Blessed Bartolo, pray for us.

Order of the Holy Sepulchre in CT opens Holy Door in Norwich

Members of the Connecticut Section of the Order of the Holy Sepulchre of Jerusalem met earlier today at the Cathedral of St. Patrick, Norwich, CT, to open the Holy Door for the Jubilee year very recently inaugurated by Pope Francis.

The Most Reverend Juan Miguel Betancourt celebrated and preached the Mass.

The witness of the EOHSJ brings alive the fact of the Lord’s Resurrection and one’s new life in the Lord. The jubilee year is meant to convey and to put into practice in the Christian life the reality of the Paschal Mystery: the Life, Death, Resurrection and Ascension of the Lord Jesus.

Blessed Bartolo Longo

Today is the liturgical memory of Blessed Bartolo Longo (1841-1926).

Blessed Bartolo is dear to the Knights and Dames of the Order of the Holy Sepulchre of Jerusalem. To date, he’s only lay member of the Order to be beatified. He’s an example for us because of his practice of constant prayer, active charity, and love for the most needy.
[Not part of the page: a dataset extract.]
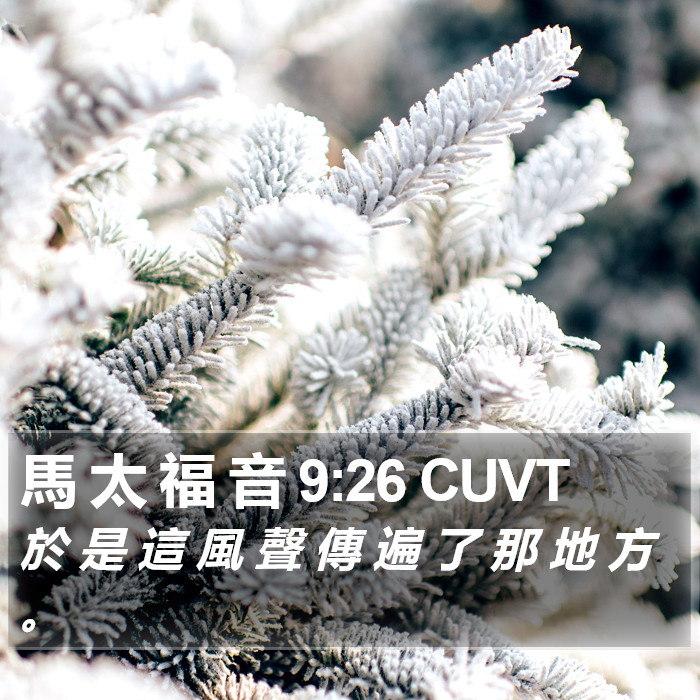 馬 太 福 音 9:26 CUVT Bible Study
From the Italian City of Pompeii, a city that he helped regenerate thanks to the grace of recitation of the Rosary, Blessed Bartolo continues to inspire initiatives of prayer and charity worldwide.

Let’s ask him to intercede for the Order of the Holy Sepulchre.

Blessed Bartolo Longo, pray for us.

CT EOHSJ Mass for St Pius X

Mass for the liturgical memorial of St Pius X, pope and former grand master of the Equestrian Order of the Holy Sepulchre of Jerusalem.

Several members of the EOHSJ in Connecticut met for Mass and dinner.

Father Robert Turner, pastor of St Ambrose Parish (North Branford, CT) and a Knight Chaplain offered Mass and preached.

Meeting to worship the Lord in friendship

On Thursday, May 30, the traditional day for the feast of Corpus Domini, in some quarters, Corpus Christi, four members of the Eastern Lieutenancy of the Equestrian Order of the Holy Sepulchre of Jerusalem met at the Georgetown Oratory in Redding, CT, for a solemn Mass and procession for Corpus Domini. It was a beautiful Mass: sacred music, preaching, ars celebrandi, servers and the faithful.

The Order of the Holy Sepulchre of Jerusalem assembled as possible to give witness to the reality of the Eucharistic Lord, his friendship with us and our friendship with each other. The witness to our salvation is Eucharistic and crucial to our living faith today as it demonstrates what we hold to be true and what we hold to be real.

The principal celebrant and homilist Father Michael Clark preached using one of Flannery O’Connor‘s reflections on the Eucharist, where she responds to a friend claiming to be a Catholic and that the Eucharist was a “pretty good symbol.” O’Connor said, “If it’s just a symbol, to hell with it.”

This sentiment remains today among many Catholics: the Eucharist is a pretty good symbol. Well, I should say O’Connor’s response remains clear and correct. Reduction of the Eucharist to an aesthetic or worse, to ethics, makes the Eucharist a mere subjective experience renouncing the objectivity of what Jesus did on Holy Thursday, and what the churches have taught based on experience and the reality of revelation and Tradition. Symbolic presence alone is weak and irritating.

We were also reminded that O’Connor was a communicant of this Georgetown Oratory for a brief period in her life.

The picture has Charles, Ruth and PAZ. Missing was Oratorian Brother Paul. A few more members of the Order of the Holy Sepulchre were slated to be there but circumstances of life changed their plans.